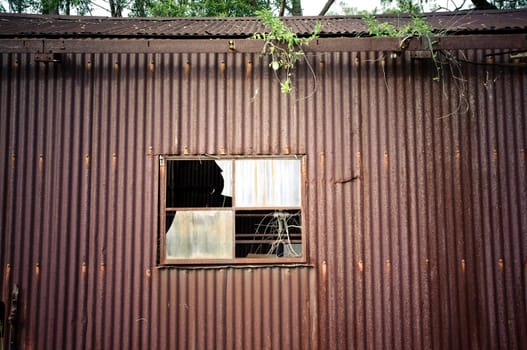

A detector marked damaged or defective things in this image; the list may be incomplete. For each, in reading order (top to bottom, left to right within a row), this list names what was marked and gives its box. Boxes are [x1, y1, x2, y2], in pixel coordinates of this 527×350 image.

rusted metal roof edge [0, 33, 524, 54]
broken window [159, 157, 304, 264]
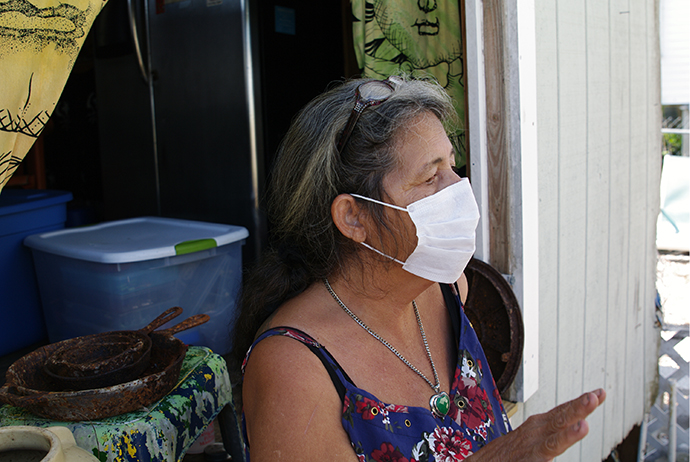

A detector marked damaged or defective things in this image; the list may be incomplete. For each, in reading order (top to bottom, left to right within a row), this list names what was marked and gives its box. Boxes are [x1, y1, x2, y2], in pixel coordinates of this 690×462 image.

rusty cookware [0, 310, 210, 422]
rusty pan [0, 312, 210, 420]
rusty cookware [42, 306, 183, 390]
rusty pan [42, 306, 183, 390]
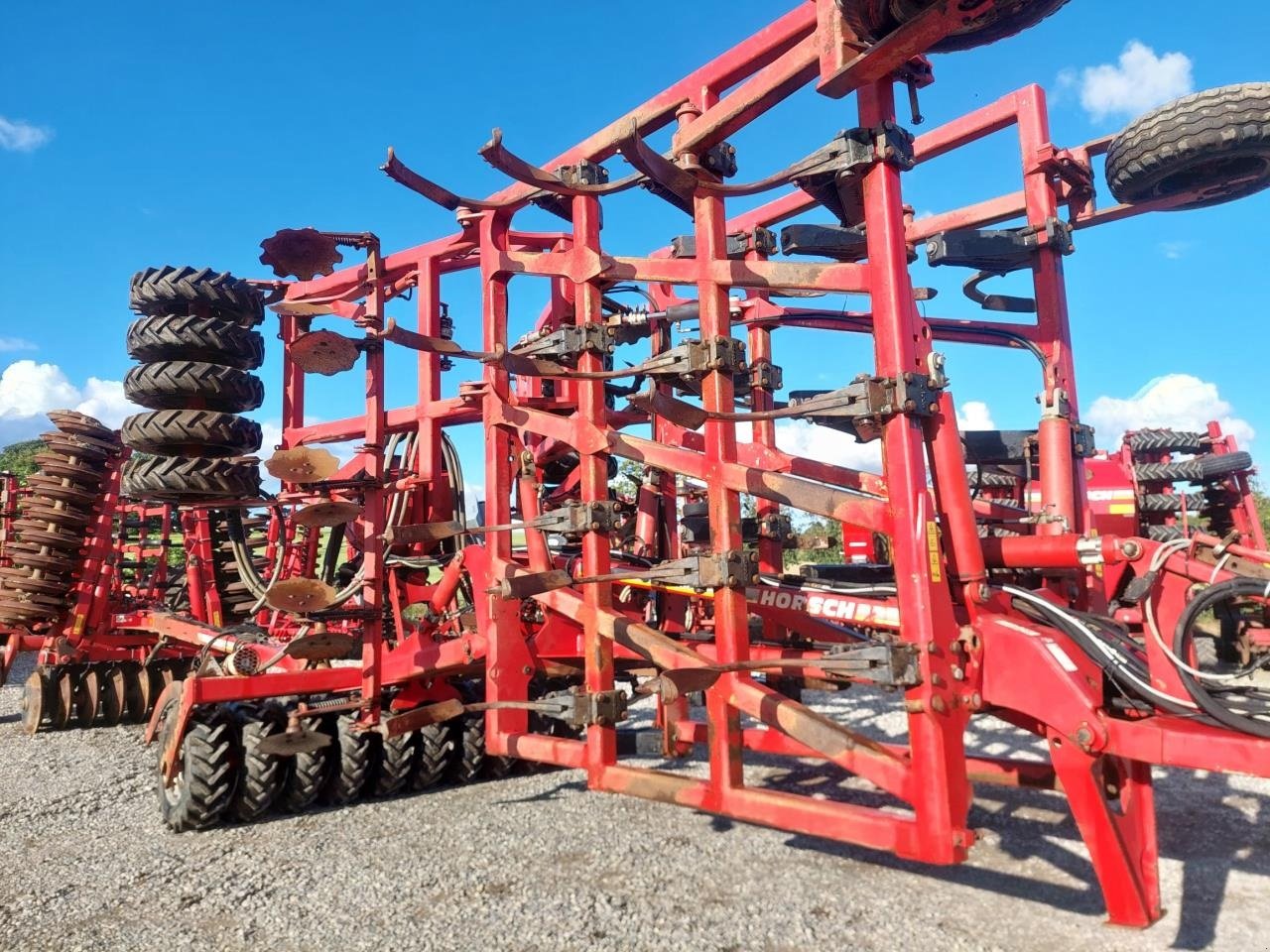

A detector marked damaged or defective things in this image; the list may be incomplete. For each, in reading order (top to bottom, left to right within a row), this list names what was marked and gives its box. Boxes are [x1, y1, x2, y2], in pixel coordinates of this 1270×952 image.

rusty steel tine [375, 147, 515, 211]
rusty steel tine [479, 128, 650, 197]
rusty steel tine [611, 119, 700, 205]
rusty disc harrow blade [257, 225, 342, 279]
rusty disc harrow blade [291, 332, 360, 375]
rusty disc harrow blade [47, 409, 116, 441]
rusty disc harrow blade [264, 449, 340, 484]
rusty disc harrow blade [292, 500, 363, 531]
rusty disc harrow blade [262, 578, 337, 614]
rusty disc harrow blade [252, 726, 329, 756]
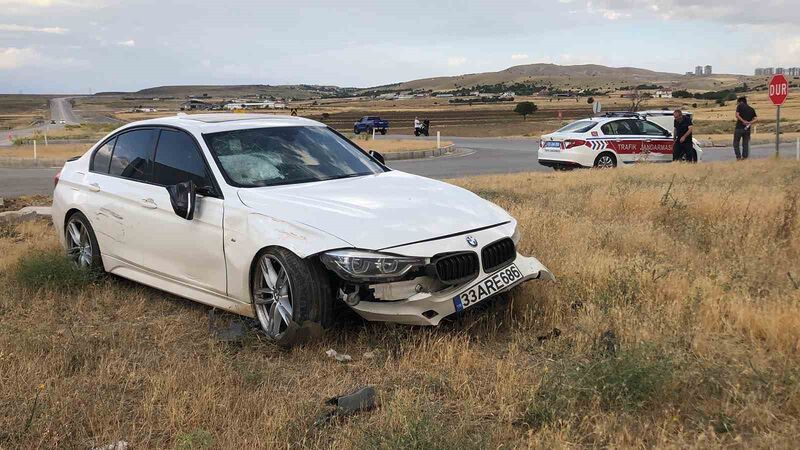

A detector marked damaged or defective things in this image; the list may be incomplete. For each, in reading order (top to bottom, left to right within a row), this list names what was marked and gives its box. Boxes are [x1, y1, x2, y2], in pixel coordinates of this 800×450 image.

shattered side mirror [166, 180, 196, 221]
damaged white bmw [50, 113, 552, 344]
bent front bumper [350, 251, 556, 326]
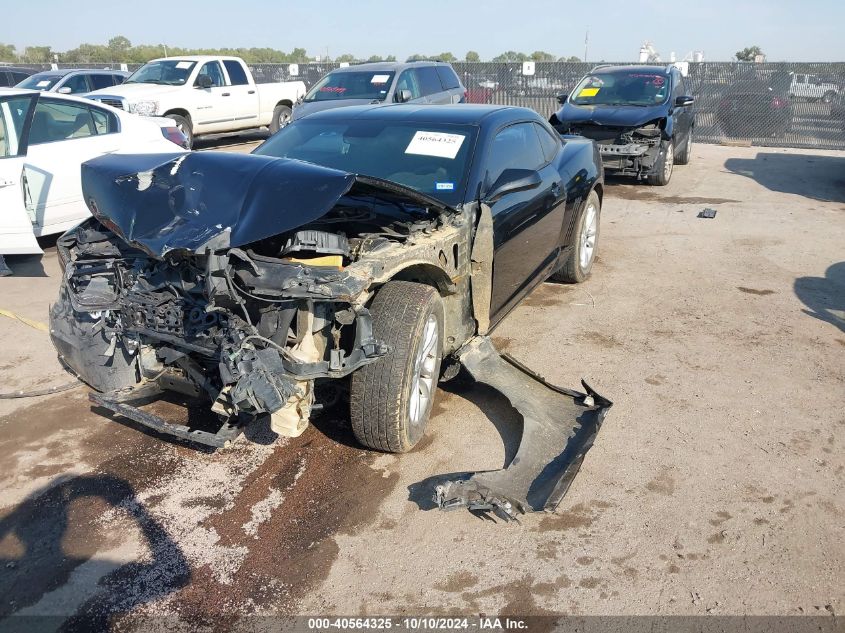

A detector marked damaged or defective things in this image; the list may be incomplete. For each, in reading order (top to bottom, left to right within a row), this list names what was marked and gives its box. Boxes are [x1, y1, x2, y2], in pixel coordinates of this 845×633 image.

crumpled hood [81, 151, 448, 256]
crumpled hood [292, 98, 380, 120]
crumpled hood [552, 102, 664, 128]
black damaged car [552, 65, 696, 186]
damaged suv front end [52, 151, 474, 444]
black damaged car [51, 105, 612, 520]
front fender damage [436, 336, 608, 520]
torn bumper on ground [436, 336, 612, 520]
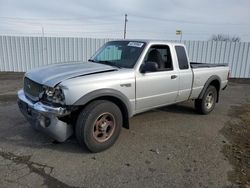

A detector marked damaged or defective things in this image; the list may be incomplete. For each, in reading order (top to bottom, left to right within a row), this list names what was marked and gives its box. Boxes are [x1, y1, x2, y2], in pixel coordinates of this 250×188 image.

damaged front bumper [16, 89, 72, 141]
broken headlight [42, 86, 65, 105]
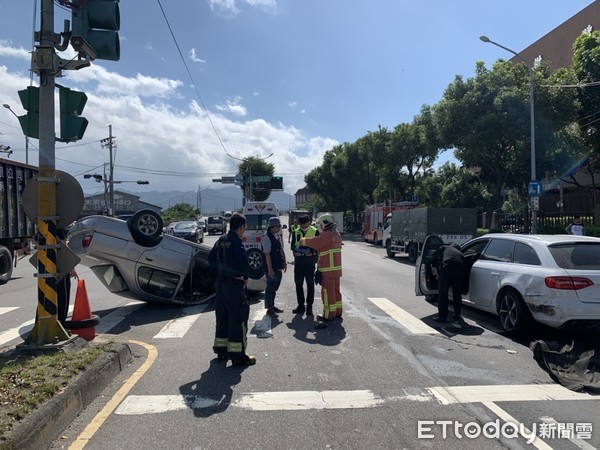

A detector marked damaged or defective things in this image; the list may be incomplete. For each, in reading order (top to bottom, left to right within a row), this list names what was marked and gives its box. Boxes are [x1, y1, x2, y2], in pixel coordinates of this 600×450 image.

overturned silver car [68, 211, 216, 306]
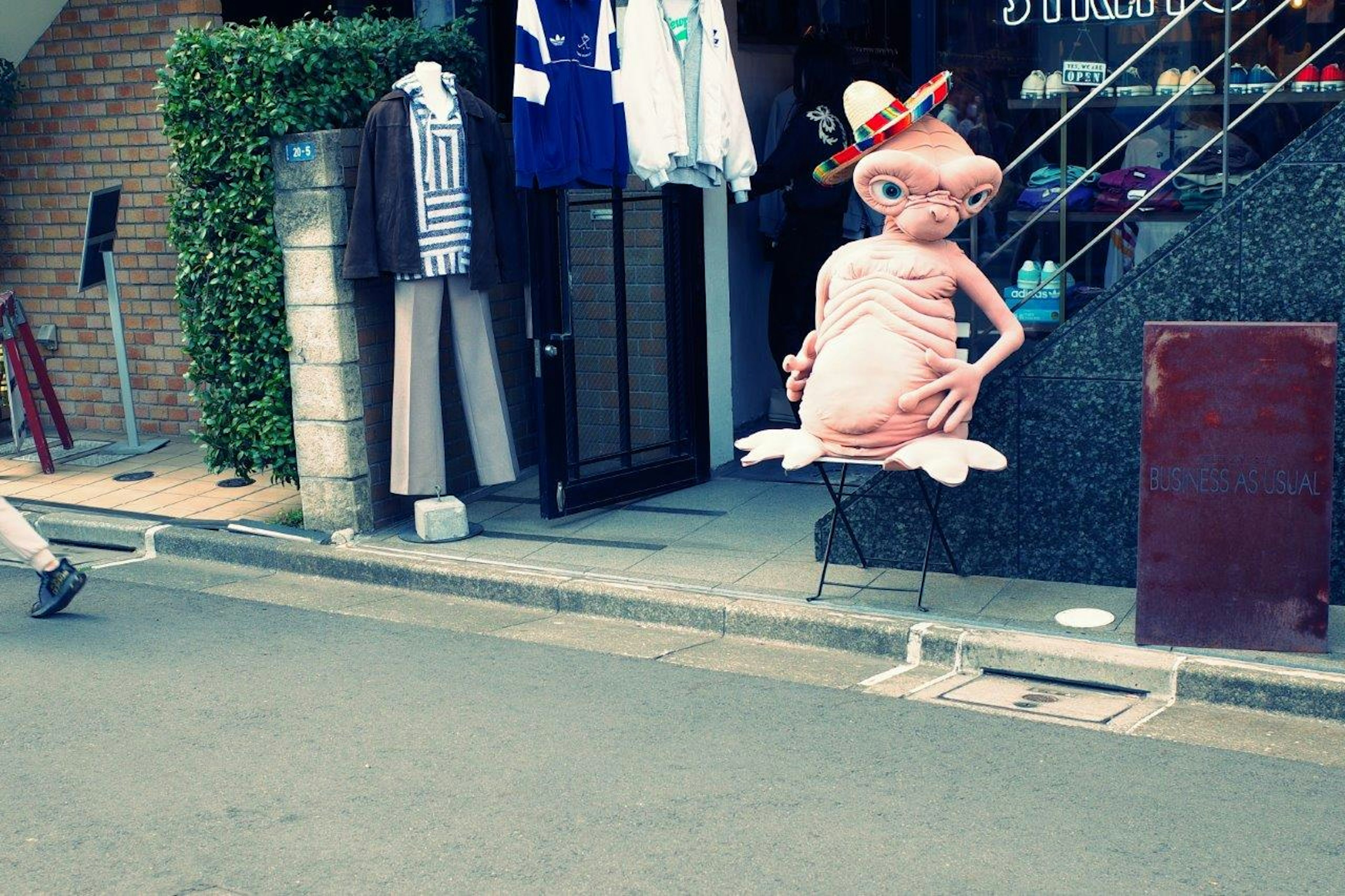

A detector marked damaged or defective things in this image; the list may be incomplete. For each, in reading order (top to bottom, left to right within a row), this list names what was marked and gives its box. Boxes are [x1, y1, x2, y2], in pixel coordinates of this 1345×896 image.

rusty metal sign [1135, 321, 1334, 648]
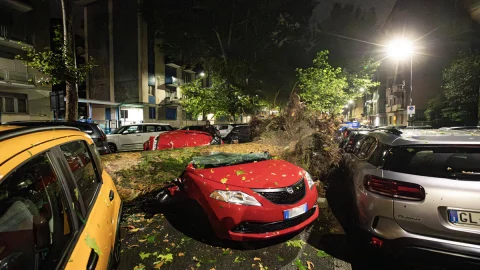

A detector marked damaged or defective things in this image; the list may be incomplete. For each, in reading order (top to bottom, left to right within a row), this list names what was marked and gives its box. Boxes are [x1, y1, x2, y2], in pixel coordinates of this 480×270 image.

broken windshield [193, 152, 272, 169]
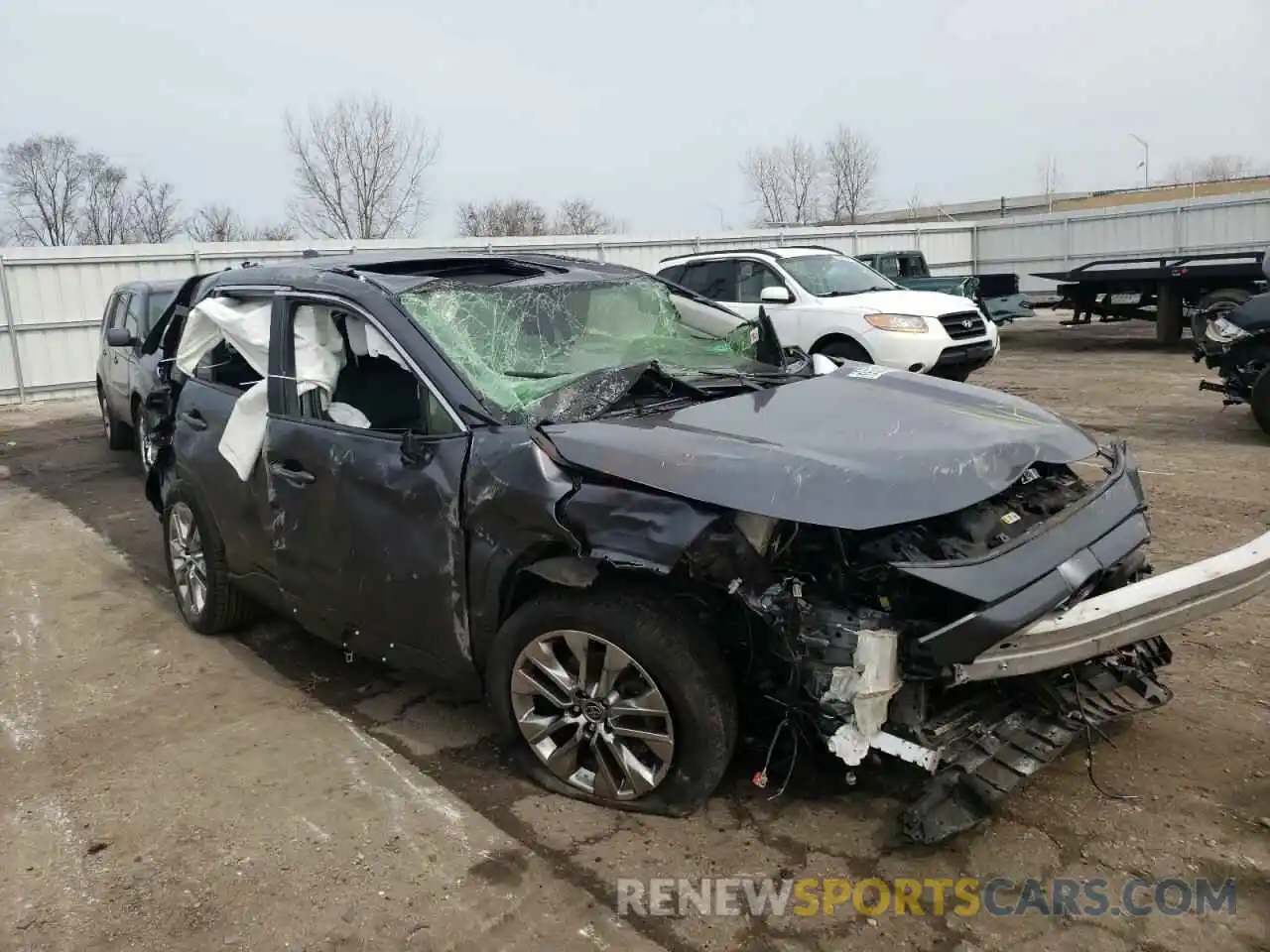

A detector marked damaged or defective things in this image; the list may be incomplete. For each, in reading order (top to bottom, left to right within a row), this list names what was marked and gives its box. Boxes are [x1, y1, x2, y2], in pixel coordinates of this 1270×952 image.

shattered windshield [396, 278, 772, 423]
cracked windshield glass [401, 278, 767, 423]
shattered windshield [777, 255, 899, 297]
crumpled hood [832, 289, 980, 318]
crumpled hood [541, 365, 1096, 533]
detached bumper cover [954, 533, 1270, 680]
damaged side sill [954, 531, 1270, 685]
damaged front bumper [813, 523, 1270, 842]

- _WHAT IS REQUIRED_:
The result should be an exact retyped version of all the entries above, containing no pictures.

- _SOLUTION_:
A detector marked damaged or defective things in this image; the list may be incomplete. For each, in reading order (top to bottom, left to right within a row), this list names what was marked and gives its box. Boxes are [x1, y1, x2, y2], in pixel coordinates of this 527×350 image.

rusted metal roof edge [0, 33, 524, 54]
broken window [159, 157, 304, 264]

A detector marked damaged or defective things in this image; the list may be incomplete. For each, in reading order (top to bottom, left to right within a row), this list names what was marked and gives its box. Boxes are [x1, y1, x2, y2], in pixel coordinates of this 690×462 image.

rusty cookware [0, 310, 210, 422]
rusty pan [0, 312, 210, 420]
rusty cookware [42, 306, 183, 390]
rusty pan [42, 306, 183, 390]

A detector marked damaged or defective things in this image; the list may be incomplete. For each, in reading order (top to bottom, left to right within a row), this list names what was marked and gives its box. Boxes are [x1, y1, x2, y2], in pixel coordinates of this 1270×952 image.

rusty steel tine [375, 147, 515, 211]
rusty steel tine [479, 128, 650, 197]
rusty steel tine [611, 119, 700, 205]
rusty disc harrow blade [257, 225, 342, 279]
rusty disc harrow blade [291, 332, 360, 375]
rusty disc harrow blade [47, 409, 116, 441]
rusty disc harrow blade [264, 449, 340, 484]
rusty disc harrow blade [292, 500, 363, 531]
rusty disc harrow blade [262, 578, 337, 614]
rusty disc harrow blade [252, 726, 329, 756]

A detector marked damaged or defective things in this image; the list may be incomplete. For each, in reading order (top to bottom, left to right within a row), this list names what was marked and gives its box. Boxes are [x1, y1, x2, y2], in pixel coordinates of this 800×450 image.

shattered side mirror [166, 180, 196, 221]
damaged white bmw [50, 113, 552, 344]
bent front bumper [350, 251, 556, 326]

A detector marked damaged or defective things in this image; the list may be incomplete. For each, in reading order (top to bottom, left to right within a row), this list names what was marked and gives its box. Boxes are [x1, y1, x2, y2], in pixel coordinates of this 845×633 image.

crumpled hood [81, 151, 448, 256]
crumpled hood [292, 98, 380, 120]
crumpled hood [552, 102, 664, 128]
black damaged car [552, 65, 696, 186]
damaged suv front end [52, 151, 474, 444]
black damaged car [51, 105, 612, 520]
front fender damage [436, 336, 608, 520]
torn bumper on ground [436, 336, 612, 520]

A detector marked damaged or defective things in this image; the list may be incomplete. For each, in reading order (top to bottom, left to right within a row), this list names what was marked and gives its box. Boxes are [x1, y1, x2, y2], in pixel coordinates of this 250×188 image.

damaged front bumper [16, 89, 72, 141]
broken headlight [42, 86, 65, 105]

A detector marked damaged or defective things in this image; the list may be incomplete. For each, in reading order (top to bottom, left to right within a row), this list names what was marked and gives its box. Boxes are [x1, y1, x2, y2], in pixel coordinates of this 600×450 image.

overturned silver car [68, 211, 216, 306]

A detector marked damaged or defective things in this image; the list may be incomplete. For each, in reading order (top to bottom, left to right within a row), this list names what was marked and gives its box. Boxes are [x1, y1, x2, y2], in pixel coordinates of this 1345×896 image.

rusty metal sign [1135, 321, 1334, 648]

A detector marked damaged or defective things in this image; the list may be incomplete. For each, in reading order (top to bottom, left to right within a row), this list names what was marked and gives its box. Boxes are [x1, y1, x2, y2], in pixel coordinates of this 480×270 image.

broken windshield [193, 152, 272, 169]

A detector marked damaged or defective things in this image; the list may be incomplete. For each, in reading order (top to bottom, left to right within a row), this list names what was marked and gives its box. Boxes are [x1, y1, x2, y2], in pixel coordinates of this 1270×952 image.

shattered windshield [396, 278, 772, 423]
cracked windshield glass [401, 278, 767, 423]
shattered windshield [777, 255, 899, 297]
crumpled hood [832, 289, 980, 318]
crumpled hood [541, 365, 1096, 533]
detached bumper cover [954, 533, 1270, 680]
damaged side sill [954, 531, 1270, 685]
damaged front bumper [813, 523, 1270, 842]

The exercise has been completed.